Innanzi tutto vanno compreso i motivi profondi della rivolta. Le folle sono scese in piazza per chiedere democrazia e libertà ma il senso di queste richieste deve esser decifrato storicamente . Nella seconda meta del secolo scorso il mondo arabo generalmente si indirizzò verso un acceso nazionalismo che socialmente si poneva come socialismo arabo ( Nasser. Baath, Gheddafi). In effetti si trattava di una via alternativa al comunismo dell’URSS nella lotta al capitalismo occidentale: non si poteva aderire al marxismo ateo per motivi culturali ma si manteneva con l’URSS rapporti di alleanza che apparivano naturali. Nei decenni in cui, però, il socialismo reale perdeva, come si disse, la sua spinta propulsiva, lo perdeva anche il socialismo arabo. I regimi nazionalisti socialisti arabi cominciarono a degenerare in dittature sanguinarie, oppressive e soprattutto corrotte. Il socialismo reale è caduto perchè non ha retto il confronto con l’Occidente. Qualcosa di simile avviene nel mondo arabo. Cadute le illusioni nazionalistiche, gli arabi guardano all’altra sponda del Mediterraneo e scoprono un mondo ben più prospero e progredito e libero dei loro paesi, Nasce allora l’idea che bisogna imitare le istituzioni europee (piu o meno come avveniva nei paesi europei ex comunisti). Ma quello che si vuole veramente è un mondo prospero come quello occidentale pur mantenendo le tradizioni islamiche
La Primavera Araba ha successo in Tunisia e in Egitto, paesi nei quali le forze armate non sono disposte a reprimere nel sangue dei loro concittadini la rivolta che monta. Tuttavia gli elementi più democratici e laici occidentalizzati sono preponderanti sono in alcune fasce della popolazione, giovani e istruiti ,ma estranee alla grande maggioranza. Pertanto alle elezioni in Tunisia si afferma un partito islamico moderato come pure avviene, anche se in modo più problematico in Egitto. dato il potere che vi hanno da sempre i militari. Si tratta di movimenti politici che prendono a modello il partito islamico di Erdogan in Turchia: potremmo definirlo una sorta Democrazia Cristiana islamica . Si salva la ispirazione fondamentali dell’islam ma si isolano gli elementi estremisti, jihadisti . In altri paesi, però, le forze armate reagiscono violentemente contro la rivolta e si finisce con l’essere risucchiati in preesistenti conflitti etnico- religiosi. E il caso della Libia in cui Gheddafi non accetta di farsi da parte e ottiene l’appoggio di alcune tribù della Tripolitania mentre la rivolta coinvolge soprattutto quelle della Cirenaica : con l’aiuto occidentale Tripoli alla fine è espugnata. In Yemen e Bahrain la rivolta si trasforma in un conflitto fra sciiti e sunniti e altri gruppi . In Siria Assad trova appoggio massiccio nell’esercito e il conflitto divampa fra alawiti , sunniti e altri gruppi e clan. In altri paesi arabi ,Giordania, Marocco, Algeria i regimi al potere disarmano le proteste effettuando alcune delle riforma richiesta. In altri ancora, Arabia saudita, Emirati, l’alto livello economico dovuto agli introiti del petrolio confina la protesta a pochi elementi idealisti e isolati.

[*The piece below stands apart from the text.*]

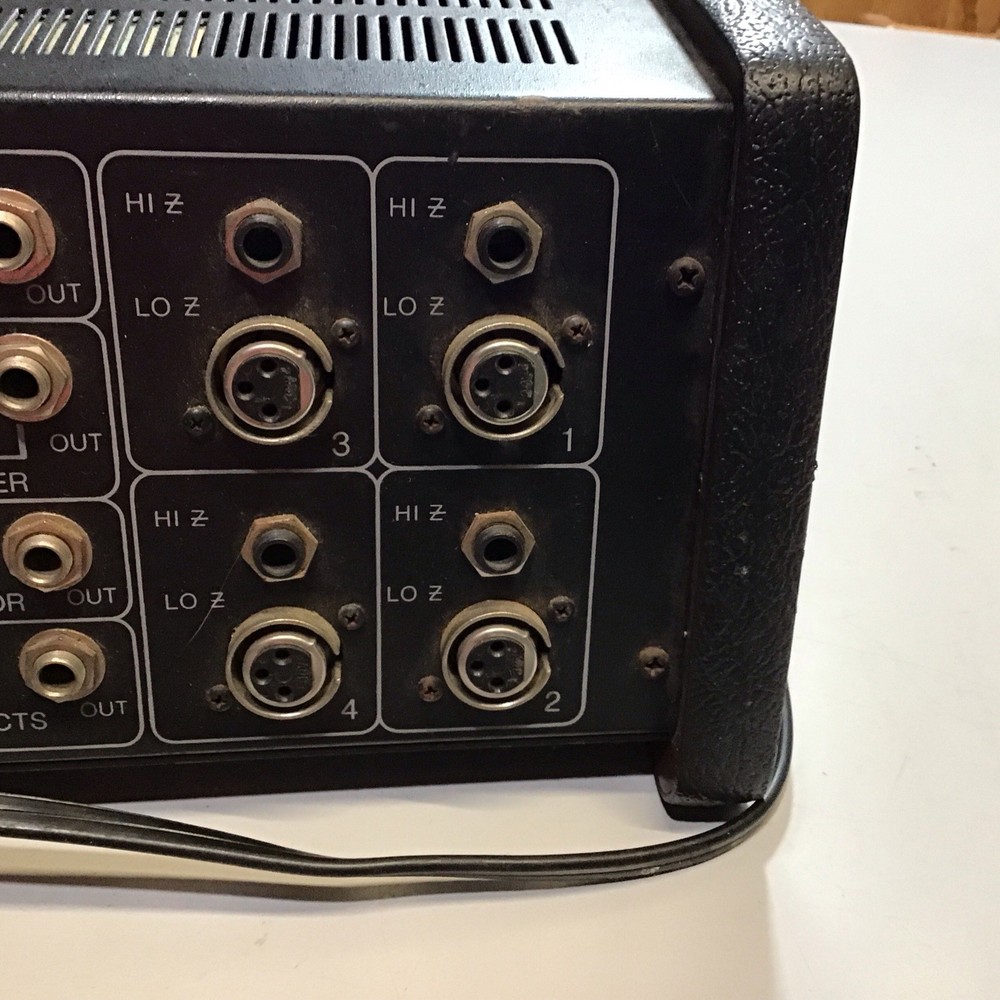 Sunn SR-4100 Sound Reinforcement Mixer Amp Untested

In conclusione quindi solo in Siria continua ancora una guerra civile sempre piu sanguinosa anche se si pensa che il potere degli Assad non potrà resistere all’infinito In tutto il resto del mondo arabo la rivolta ha o avuto successo o è stata riassorbita in qualche modo: ci vorranno, però, degli anni per sapere quale sarà stato il suo reale impatto sul Medio Oriente.